#### Your objective:
Set down a faithful copy of every record below, with no images.

##### Working data

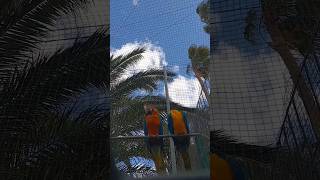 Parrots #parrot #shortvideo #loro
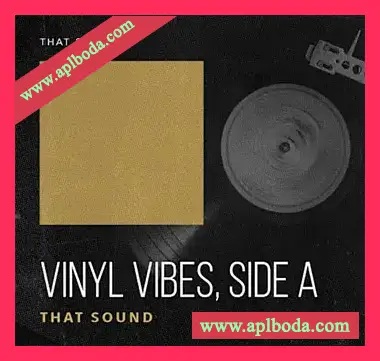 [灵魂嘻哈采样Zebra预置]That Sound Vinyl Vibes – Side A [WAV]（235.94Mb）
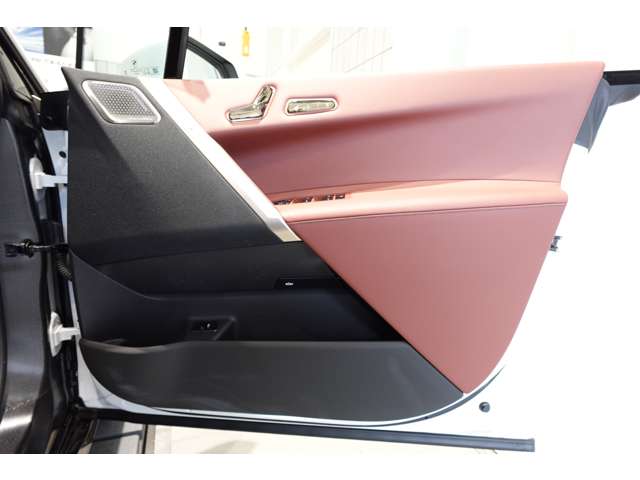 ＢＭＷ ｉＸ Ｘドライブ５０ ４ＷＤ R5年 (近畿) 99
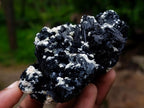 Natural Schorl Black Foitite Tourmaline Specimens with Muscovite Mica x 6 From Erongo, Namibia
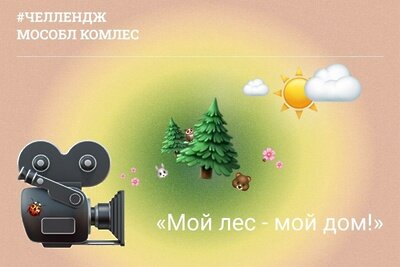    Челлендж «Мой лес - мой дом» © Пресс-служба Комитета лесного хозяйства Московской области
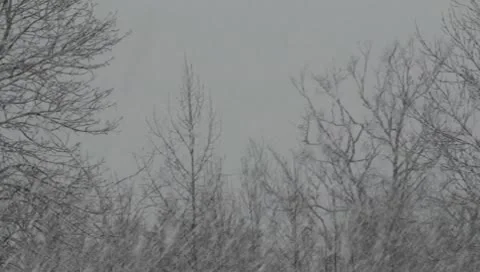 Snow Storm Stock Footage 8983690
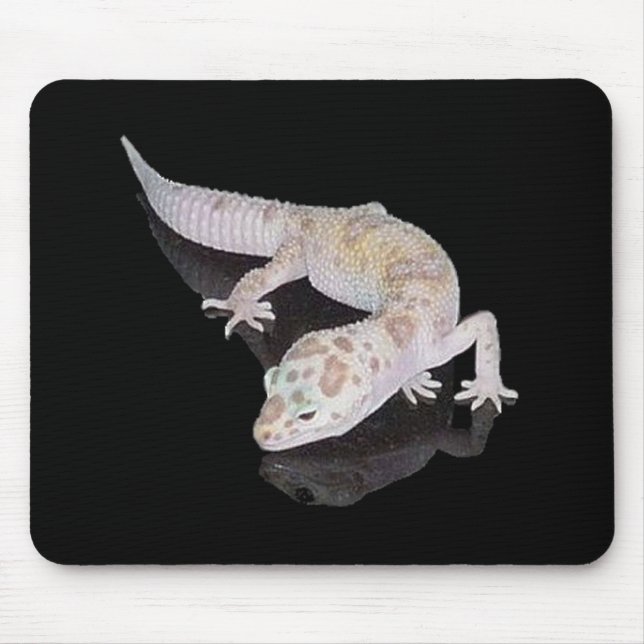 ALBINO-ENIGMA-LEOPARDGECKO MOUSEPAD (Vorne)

##########

#### Finished exercise:
 Parrots #parrot #shortvideo #loro
 [灵魂嘻哈采样Zebra预置]That Sound Vinyl Vibes – Side A [WAV]（235.94Mb）
 ＢＭＷ ｉＸ Ｘドライブ５０ ４ＷＤ R5年 (近畿) 99
 Natural Schorl Black Foitite Tourmaline Specimens with Muscovite Mica x 6 From Erongo, Namibia
    Челлендж «Мой лес - мой дом» © Пресс-служба Комитета лесного хозяйства Московской области
 Snow Storm Stock Footage 8983690
 ALBINO-ENIGMA-LEOPARDGECKO MOUSEPAD (Vorne)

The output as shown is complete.